### EXERCISE DESCRIPTION
The copy you return must begin at the line containing "One-bedroom apartment with" and end at the final line of the listing below, with every picture left out.

### SOURCE MATERIAL
============

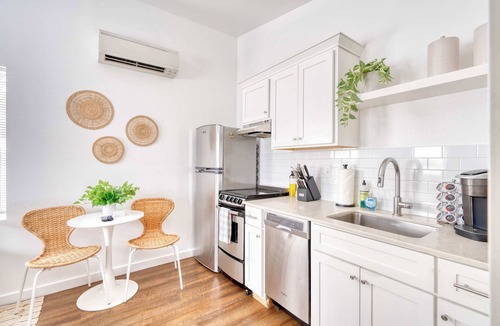 Sullivan's Gulch Apartment | Coastal Vibes Studio Kerns Eats & Coffee AC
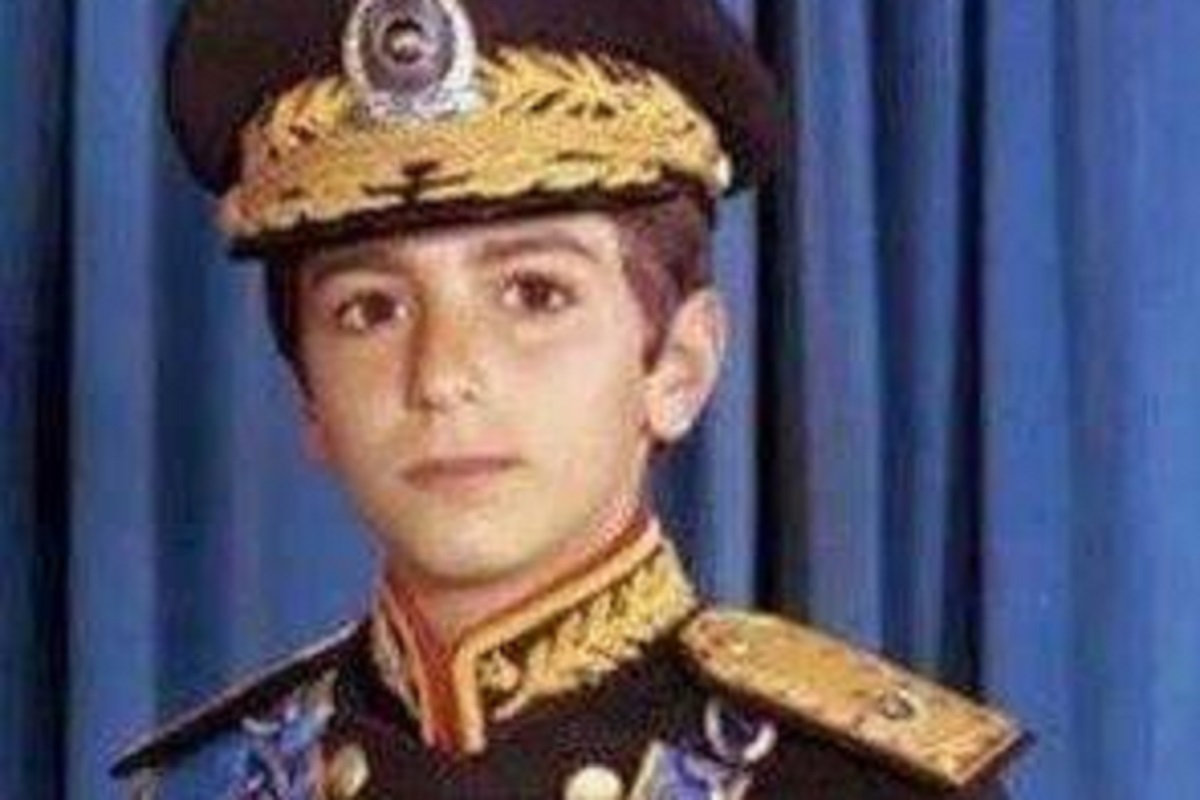 عکس| رضا پهلوی آقازاده بود وقتی آقازادگی مُد نبود! | دیلی فوتبال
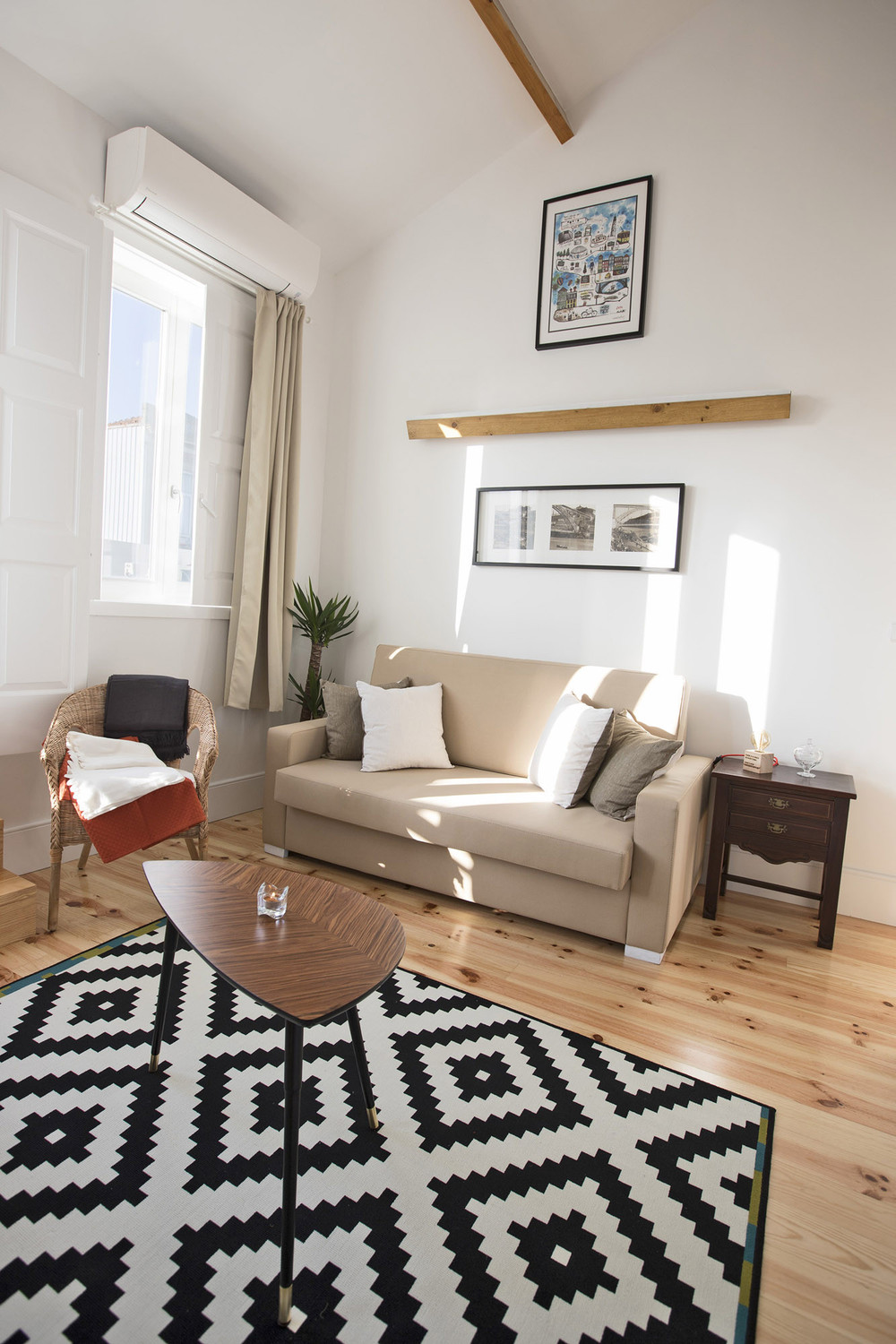 One-bedroom apartment with balcony in Bonfim Porto preview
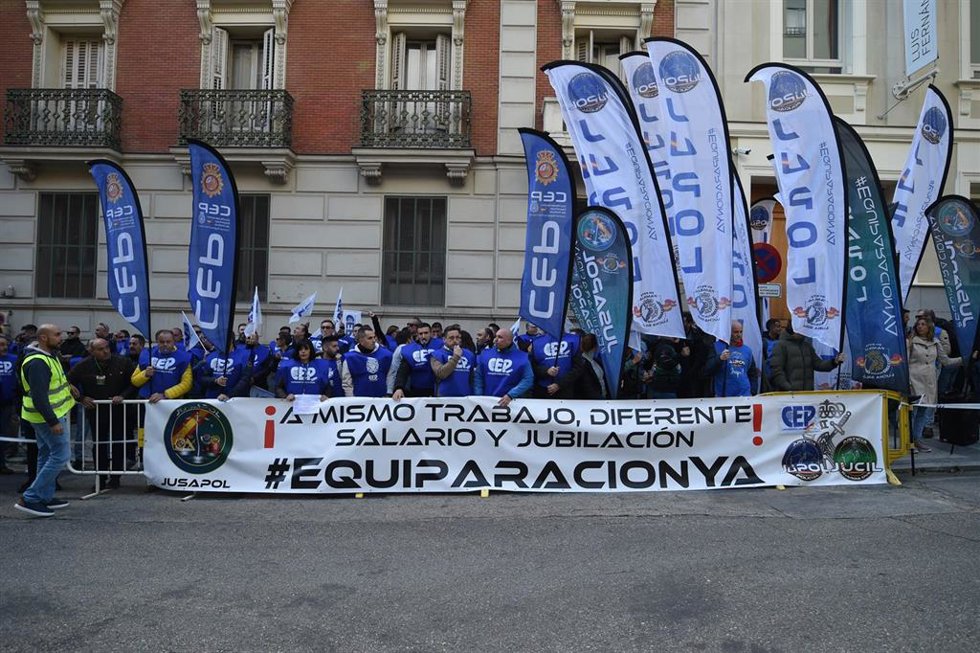 Archivo - Miembros de los sindicatos de Policía JUPOL y CEP junto a las asociaciones de Guardia Civil JUCIL y AEGC con una pancarta durante una protesta frente al Ministerio del Interior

============

### TASK RESPONSE
 One-bedroom apartment with balcony in Bonfim Porto preview
 Archivo - Miembros de los sindicatos de Policía JUPOL y CEP junto a las asociaciones de Guardia Civil JUCIL y AEGC con una pancarta durante una protesta frente al Ministerio del Interior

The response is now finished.